MySQL will report "Empty set", although it should find the record (2,'foobar').

Suggested fix:
Blank the excessive characters in the LIKE prefix with NUL characters and scan the
resultset against the original LIKE prefix query.
[11 Oct 2004 12:16] Marko Mäkelä
Whoever fixes this bug should also consider adding an extra 0xff byte to the upper limit
of the search area. Otherwise, if there are 3-byte UTF8 characters that are equivalent
with 1-byte or 2-byte UTF8 characters, the search results may be inconsistent.

See the function my_strnncoll_utf8(). There, the end of string is treated as the
'infimum' character and 0xff (an illegal UTF8 character) is treated as the 'supremum'.
Thus, "foo" < "foobar" but "foo\xff" > "foobar". Now consider the case where "foo"
consists of 3-byte UTF8 characters. It is best to pad the upper limit of the LIKE prefix
search with an extra 0xff byte, i.e., "foo\xff".
[11 Oct 2004 19:03] Victoria Reznichenko
Verified with 4.1.6-gamma-debug-log
[15 Oct 2004 10:05] Alexander Barkov
I fixed the bug in MySQL code, so InnoDB now works fine.
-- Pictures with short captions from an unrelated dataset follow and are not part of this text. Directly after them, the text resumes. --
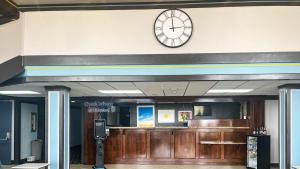 a clock on the wall of a waiting room at Studio 6 Suites Fremont, OH in Fremont
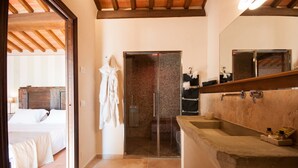 A modern bathroom with a large stone sink, a glass shower enclosure, and a mirror above the sink. - Borgo tra gli Olivi (Castiglion Fiorentino)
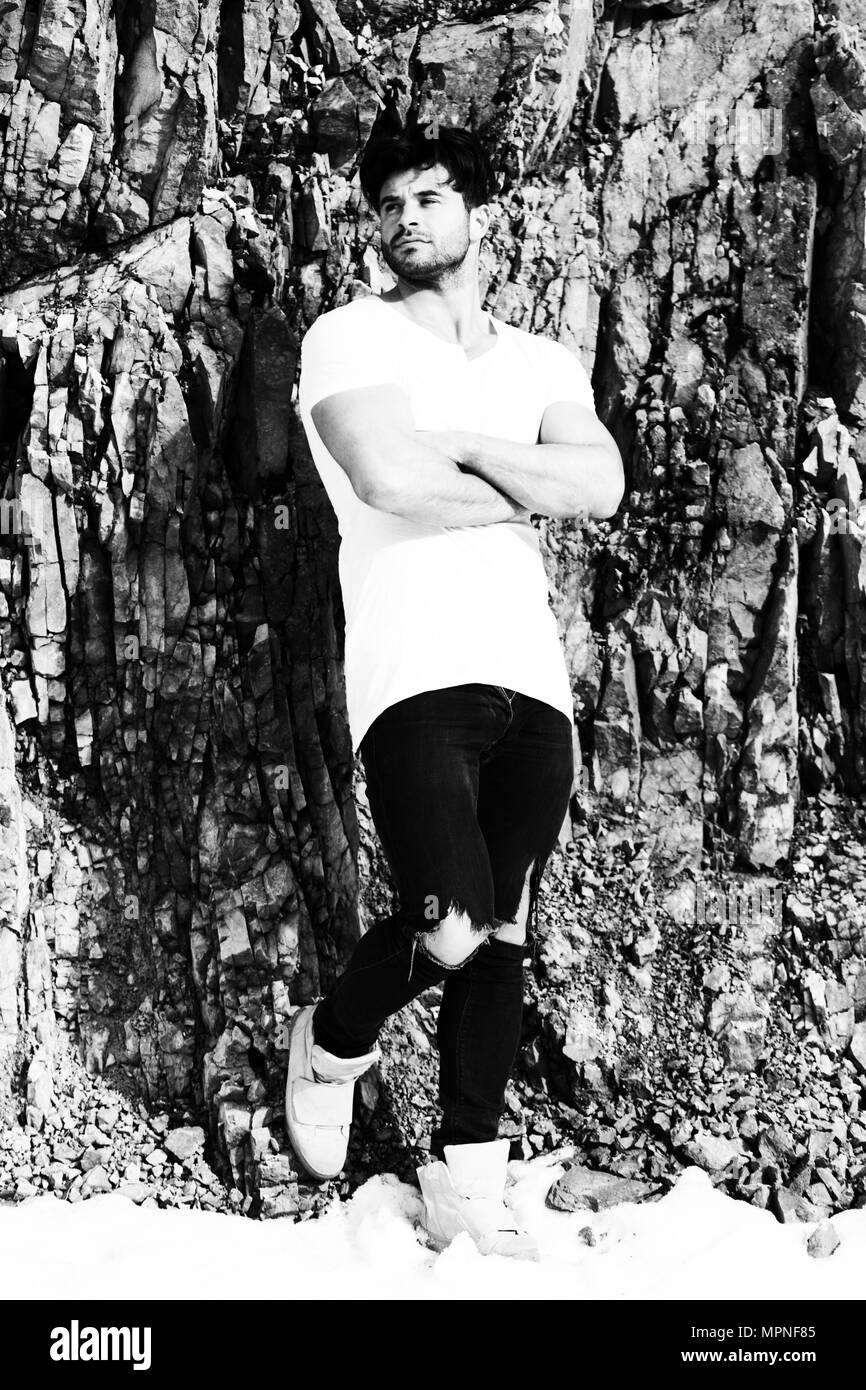 Portrait de beau jeune homme en jeans Vêtements Looking at Camera - Debout contre un mur de brique sur Copy Space Banque D'Images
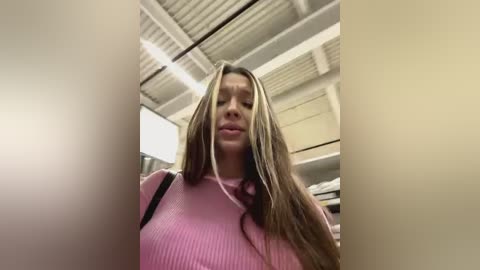 Media: Video of a young woman with long, straight, blonde hair, wearing a pink ribbed sweater. She stands in a warehouse with white ceiling panels and metal beams, with shelves and boxes in the background.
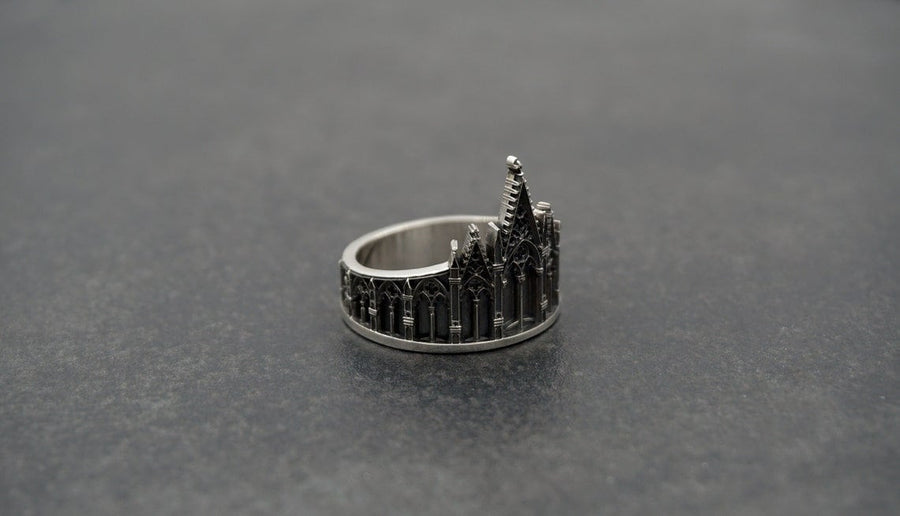 We have rings for people who love to explore the great outdoors, as well as those who love to stay in. With memories and kindness. The image highlights the "chiselled" quality of the 925 sterling silver. The ridges of the rooflines and pillars are sharp and defined, while the background surfaces have a textured, grainy finish like limestone. The oxidation is applied carefully to the "windows" and "doors" of the cathe (etsy image id: 4211827296)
But there is still a problem with BDB, I'm continueing working on it.
[29 Oct 2004 8:00] Sergei Golubchik
Thank you for your bug report. This issue has been committed to our
source repository of that product and will be incorporated into the
next release.

If necessary, you can access the source repository and build the latest
available version, including the bugfix, yourself. More information 
about accessing the source trees is available at
    http://www.mysql.com/doc/en/Installing_source_tree.html

Additional info:

fixed in 4.1.7